[hammer home the distinction between compile-time and run-time]

A Region is a data structure that defines a set of pixels.  ???
[briefly describe Apple's Region and ARDI's internal Region.  ARDI's
region doesn't XOR adjacent scanlines, and stores X values in "native
endian" byte order for speed (y values are still big endian, which can
be irritating).  Mac programs can never see a special region].

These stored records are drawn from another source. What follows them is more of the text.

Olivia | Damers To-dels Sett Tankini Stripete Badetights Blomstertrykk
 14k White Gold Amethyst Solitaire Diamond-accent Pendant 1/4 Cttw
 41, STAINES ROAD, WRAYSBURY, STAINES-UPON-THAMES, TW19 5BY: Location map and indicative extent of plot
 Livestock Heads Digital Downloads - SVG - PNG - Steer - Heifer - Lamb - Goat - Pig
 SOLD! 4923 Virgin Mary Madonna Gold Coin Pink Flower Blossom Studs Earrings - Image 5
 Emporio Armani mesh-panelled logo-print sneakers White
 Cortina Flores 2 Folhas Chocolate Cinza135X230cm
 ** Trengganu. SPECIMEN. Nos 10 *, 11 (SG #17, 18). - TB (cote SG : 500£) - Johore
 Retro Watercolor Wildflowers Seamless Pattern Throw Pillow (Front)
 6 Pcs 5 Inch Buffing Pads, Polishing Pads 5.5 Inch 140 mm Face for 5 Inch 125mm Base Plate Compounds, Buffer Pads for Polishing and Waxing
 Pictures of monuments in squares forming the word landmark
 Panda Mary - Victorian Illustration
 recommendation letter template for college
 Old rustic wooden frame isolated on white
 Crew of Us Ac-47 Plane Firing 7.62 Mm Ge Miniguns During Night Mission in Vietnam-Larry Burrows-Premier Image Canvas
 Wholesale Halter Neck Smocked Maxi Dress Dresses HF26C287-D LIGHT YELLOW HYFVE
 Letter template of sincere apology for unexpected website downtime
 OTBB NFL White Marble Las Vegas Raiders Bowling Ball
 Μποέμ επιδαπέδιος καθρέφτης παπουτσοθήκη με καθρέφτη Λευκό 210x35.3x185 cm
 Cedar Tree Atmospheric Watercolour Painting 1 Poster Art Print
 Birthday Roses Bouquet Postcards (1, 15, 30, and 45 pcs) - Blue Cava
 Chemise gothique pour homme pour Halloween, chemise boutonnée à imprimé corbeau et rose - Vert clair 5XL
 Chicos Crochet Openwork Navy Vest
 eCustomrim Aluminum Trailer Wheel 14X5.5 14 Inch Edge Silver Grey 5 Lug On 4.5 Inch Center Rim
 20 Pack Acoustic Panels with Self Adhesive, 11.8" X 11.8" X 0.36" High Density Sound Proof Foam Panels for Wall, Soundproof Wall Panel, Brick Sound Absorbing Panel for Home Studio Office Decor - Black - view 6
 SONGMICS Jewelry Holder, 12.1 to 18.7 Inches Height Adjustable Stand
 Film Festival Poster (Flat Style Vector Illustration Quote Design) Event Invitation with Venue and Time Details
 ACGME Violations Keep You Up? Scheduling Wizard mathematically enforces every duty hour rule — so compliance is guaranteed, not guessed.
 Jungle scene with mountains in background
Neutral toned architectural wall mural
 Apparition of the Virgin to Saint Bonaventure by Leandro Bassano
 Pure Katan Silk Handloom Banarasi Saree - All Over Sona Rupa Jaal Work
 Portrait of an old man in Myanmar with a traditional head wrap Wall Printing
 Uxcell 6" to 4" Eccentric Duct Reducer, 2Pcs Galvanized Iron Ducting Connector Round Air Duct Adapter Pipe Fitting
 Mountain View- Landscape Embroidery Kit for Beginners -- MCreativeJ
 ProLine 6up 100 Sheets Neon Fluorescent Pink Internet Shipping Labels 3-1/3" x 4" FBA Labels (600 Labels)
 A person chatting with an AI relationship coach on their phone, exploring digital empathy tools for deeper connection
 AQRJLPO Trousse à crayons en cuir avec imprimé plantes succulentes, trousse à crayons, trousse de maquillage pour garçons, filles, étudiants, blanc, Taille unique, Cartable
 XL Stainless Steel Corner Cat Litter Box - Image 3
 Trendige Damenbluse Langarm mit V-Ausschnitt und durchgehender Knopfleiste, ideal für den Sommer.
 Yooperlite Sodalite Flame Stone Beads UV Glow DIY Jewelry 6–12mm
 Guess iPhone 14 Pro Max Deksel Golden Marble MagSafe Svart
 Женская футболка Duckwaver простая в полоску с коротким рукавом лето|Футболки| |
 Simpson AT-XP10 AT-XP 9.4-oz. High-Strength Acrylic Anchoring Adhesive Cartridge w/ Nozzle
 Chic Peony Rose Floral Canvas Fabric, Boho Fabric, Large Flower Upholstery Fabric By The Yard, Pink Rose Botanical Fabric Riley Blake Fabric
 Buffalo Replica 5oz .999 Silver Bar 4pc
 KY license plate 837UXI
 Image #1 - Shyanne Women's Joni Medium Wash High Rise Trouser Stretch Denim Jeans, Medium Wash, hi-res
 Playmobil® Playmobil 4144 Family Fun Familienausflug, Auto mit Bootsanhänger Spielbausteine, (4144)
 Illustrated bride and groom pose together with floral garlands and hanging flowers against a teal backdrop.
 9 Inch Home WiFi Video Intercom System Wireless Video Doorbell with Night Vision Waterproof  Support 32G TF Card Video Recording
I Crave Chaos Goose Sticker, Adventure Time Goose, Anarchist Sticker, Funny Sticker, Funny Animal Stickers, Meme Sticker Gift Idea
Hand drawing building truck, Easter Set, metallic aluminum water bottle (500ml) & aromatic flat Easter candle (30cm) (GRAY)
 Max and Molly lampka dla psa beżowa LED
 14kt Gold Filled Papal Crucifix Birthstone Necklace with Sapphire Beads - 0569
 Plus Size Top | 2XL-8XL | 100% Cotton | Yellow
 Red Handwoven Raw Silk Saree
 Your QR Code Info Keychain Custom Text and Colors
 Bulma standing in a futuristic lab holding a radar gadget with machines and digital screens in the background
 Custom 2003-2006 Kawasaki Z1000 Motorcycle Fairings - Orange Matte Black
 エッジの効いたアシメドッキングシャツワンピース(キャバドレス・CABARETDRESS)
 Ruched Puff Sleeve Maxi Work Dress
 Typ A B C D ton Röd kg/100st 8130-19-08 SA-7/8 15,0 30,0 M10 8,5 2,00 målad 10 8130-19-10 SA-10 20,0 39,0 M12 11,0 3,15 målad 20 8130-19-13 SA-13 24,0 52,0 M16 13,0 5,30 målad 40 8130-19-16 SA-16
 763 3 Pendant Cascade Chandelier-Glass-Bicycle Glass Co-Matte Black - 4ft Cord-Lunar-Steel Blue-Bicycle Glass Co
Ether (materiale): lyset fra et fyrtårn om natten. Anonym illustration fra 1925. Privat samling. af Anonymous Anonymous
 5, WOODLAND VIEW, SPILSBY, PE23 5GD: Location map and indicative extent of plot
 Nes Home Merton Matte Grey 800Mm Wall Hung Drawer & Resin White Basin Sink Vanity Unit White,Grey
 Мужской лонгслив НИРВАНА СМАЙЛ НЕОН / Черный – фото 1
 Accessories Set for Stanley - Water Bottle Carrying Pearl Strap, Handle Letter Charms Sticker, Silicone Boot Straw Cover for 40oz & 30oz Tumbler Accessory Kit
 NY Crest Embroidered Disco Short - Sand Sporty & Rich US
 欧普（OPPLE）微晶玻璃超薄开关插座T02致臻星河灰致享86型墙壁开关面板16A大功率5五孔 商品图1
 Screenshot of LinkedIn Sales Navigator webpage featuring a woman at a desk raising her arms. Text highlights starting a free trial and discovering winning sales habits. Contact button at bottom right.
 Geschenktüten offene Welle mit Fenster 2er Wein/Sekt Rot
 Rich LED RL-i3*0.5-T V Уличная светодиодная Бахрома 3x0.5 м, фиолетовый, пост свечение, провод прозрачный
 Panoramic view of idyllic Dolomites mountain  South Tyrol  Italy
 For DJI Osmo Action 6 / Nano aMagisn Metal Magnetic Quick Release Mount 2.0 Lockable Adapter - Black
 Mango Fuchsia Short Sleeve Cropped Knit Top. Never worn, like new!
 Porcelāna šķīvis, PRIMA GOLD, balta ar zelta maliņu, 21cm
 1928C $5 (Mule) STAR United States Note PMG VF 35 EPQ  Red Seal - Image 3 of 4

...We wanted to write a blitter that had good performance in the
common case, but did not want to spend a great deal of time writing
code to handle special cases...


One way to write a simple Region blitter is to start with a subroutine
that parses the start/stop pairs of a Region scanline and draws the
corresponding pixels.  This subroutine is then called once for each
row of pixels to be displayed.

Unfortunately, this approach is slow since each scanline gets
re-parsed every time it is drawn.  The Region for a 300 pixel tall
rectangle consists of a single scanline with a repeat count of "300";
this "simple Region blitter" will parse that scanline 300 times!
That's a lot of redundant work.

There are many possible ways to get away with parsing each scanline
only once.  One approach is to convert the start/stop pairs into a bit
mask where the bits in the mask correspond to the bits in the target
bitmap that are to be changed.  The inner blitting loop then becomes
an exercise in bitwise arithmetic.  In C, such a loop might look
something like this:

  for (x = left; x < right; x++)
    dst[x] = (dst[x] & ~mask[x]) | (pattern_value & mask[x]);

That's not bad, but it's unnecessarily slow in the common case of
filling a rectangle.  For a rectangular Region, mask[x] is usually all
one bits, making the bit munging a waste of time.  And even when the
masks are never solid (e.g. when drawing a thin vertical line), this
technique is still unnecessarily slow.  As it turns out, even the
cycles the CPU spends loading mask bits from memory are unnecessary.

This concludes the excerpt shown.